- **PROVIDED DATA**:
- - - - - - -
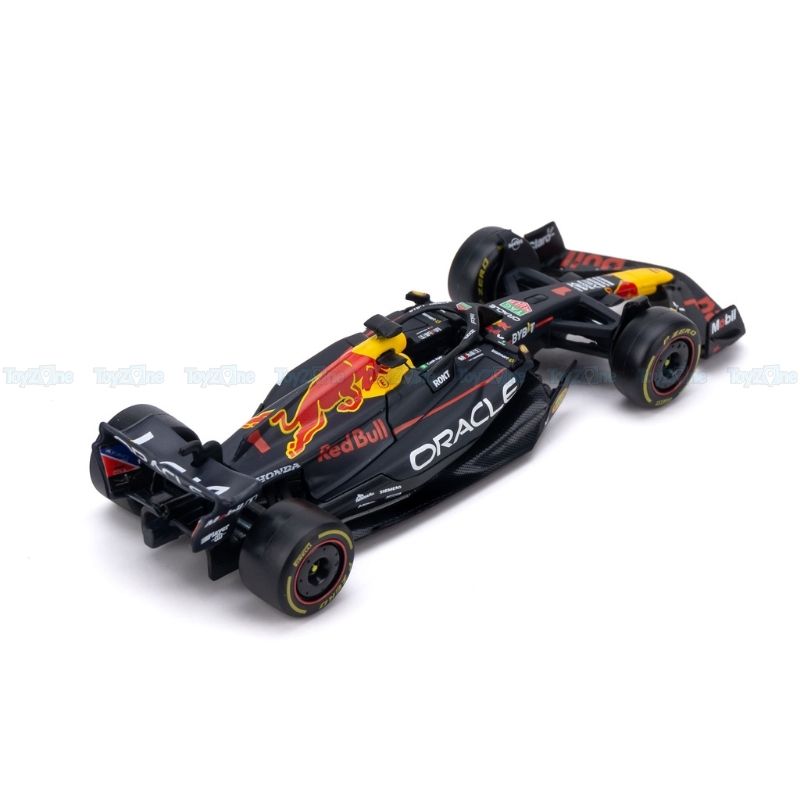 Mô hình xe F1 Oracle Red Bull Racing RB19 1:43 BBURAGO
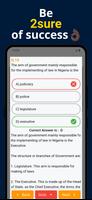 JAMB CBT Practice Offline Screenshot 3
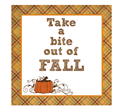 Fall Treat Tags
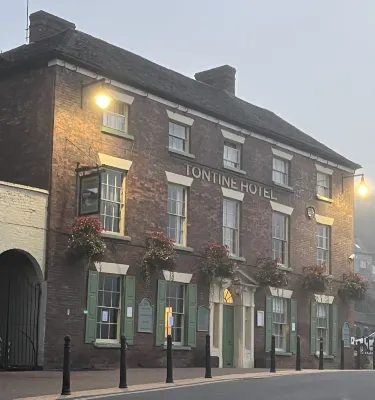 The Tontine Hotel & Bar Hôtels à : Ironbridge Gorge Civil Parish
- - - - - - -
- **TASK TO COMPLETE**:
Without including a single picture, restate all of the data word for word.

- **TASK ANSWER**:
 Mô hình xe F1 Oracle Red Bull Racing RB19 1:43 BBURAGO
 JAMB CBT Practice Offline Screenshot 3
 Fall Treat Tags
 The Tontine Hotel & Bar Hôtels à : Ironbridge Gorge Civil Parish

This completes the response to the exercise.